A new biography of our 32nd president (“Franklin D. Roosevelt, A Political Life,” by Robert Dallek), offers us a portrait of a statesman who devoted his life to his country and whose record of service can inspire and instruct us still.
In his fourth inaugural address, on Jan. 20, 1945, FDR summed up his decade-long battle with the isolationists and America Firsters of his era. We have learned, he said, “that we must live as men, not ostriches, nor as dogs in the manger. We have learned to be citizens of the world, members of the human community.”

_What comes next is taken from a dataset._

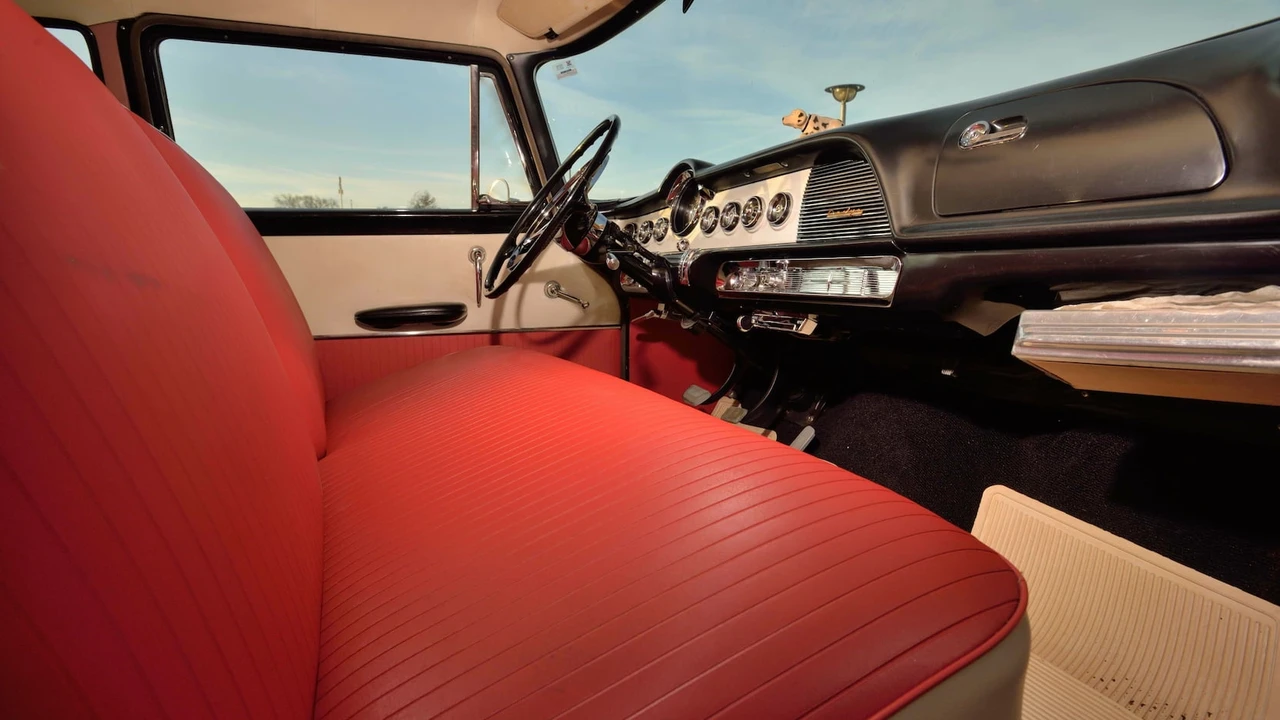 1955 Dodge Coronet 1st-3rd Gen - Image 5 of 31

Roosevelt’s answer to those who thought we could sit out World War II is quite pertinent to the issues of our day; he’d think climate-change deniers had their heads in the sand, for example, and would argue that the United States both contributed greatly to the problem and has a huge stake in helping redress it.
‘We cannot live alone, at peace’
In that same inaugural speech, Roosevelt was making the case that the United States must continue to be engaged abroad to help prevent another disastrous conflagration: “We have learned lessons – at a fearful cost – and we shall profit from them. We have learned that we cannot live alone, at peace; that our well-being is dependent of other nations far away.”
Roosevelt was pleading for collective security rather than a go-it-alone or retreat-behind-the-moats approach. This concept became the basis for American leadership that ushered in a period of unprecedented peace and prosperity for the United States and Canada as well as Europe.
The North Atlantic Treaty Organization (NATO), founded 70 years ago based on the commitment to collective security, has proven to be the most effective and respected political-military alliance in history; like the United Nations, NATO is essentially the realization of Roosevelt’s vision.
NATO has its flaws, no doubt, among them the sometimes reluctance of individual members to contribute their fair share to the common defense. Critics who dwell on such shortcomings might also note that Europe has taken in millions of refugees and migrants in recent years, severely straining national budgets. Since NATO grew out of recognition that our security could not be separated from Europe’s — a core truth that has not changed — the focus might better be on improving performance, rather than denigrating a hugely successful project.Roosevelt on economics
Roosevelt, of course, was not only our great wartime leader, but also the man who guided us through the Great Depression. On domestic matters, too, he has much to teach us. In his second inaugural address, in 1937, he said, “I see one-third of a nation ill-housed, ill-clad, ill-nourished. … The test of our progress is not whether we add more to the abundance of those who have much; it is whether we provide enough to those who have too little.”
We can well imagine what Roosevelt would think of “trickle down economics,” the fact that the richest 1 percent in our country have more wealth than the bottom 90 percent, that a half million Americans are homeless and that tens of millions of our fellow citizens live in poverty. The man whose New Deal helped pull America out of economic misery would have been aghast at such inequities and determined to help correct them. He believed it was the job of government to “provide for the common welfare,” as our Constitution prescribes. For him, government was a necessary and significant part of the solution, not, per President Ronald Reagan, ”the problem.”
Roosevelt died on April 12, 1945, having exhausted himself in leading his country through some of the most perilous times in our history. Even while deathly ill, he braved severe war-time conditions to travel to Egypt, Iran and the USSR in pursuit of victory and peace. He put his country — not himself or his party or his ideology — first. Adolf Hitler, who died by suicide less than three weeks after Roosevelt’s death, showed a very different sort of example in leading his country and his Nazi party to disgrace and ruination.
Democracy and the rule of law
The cause: In his historic Gettysburg Address after one of the most decisive battles of our Civil War, Abraham Lincoln asked Americans to dedicate themselves to the cause for which the fallen “gave their last full measure of devotion.” That cause was democracy, the rule of law and representative government. As Lincoln put it, “government of the people, by the people, and for the people.”
This ideal, for which Roosevelt and Lincoln spoke so eloquently and fought so valiantly, is again being tested today, from within even more than from without. Whether this generation of Americans is up to the challenge — whether our nation can be true to the soaring vision of Lincoln and Roosevelt — remains an open question.
Dick Virden is a retired Senior Foreign Service Officer. He lives in Plymouth.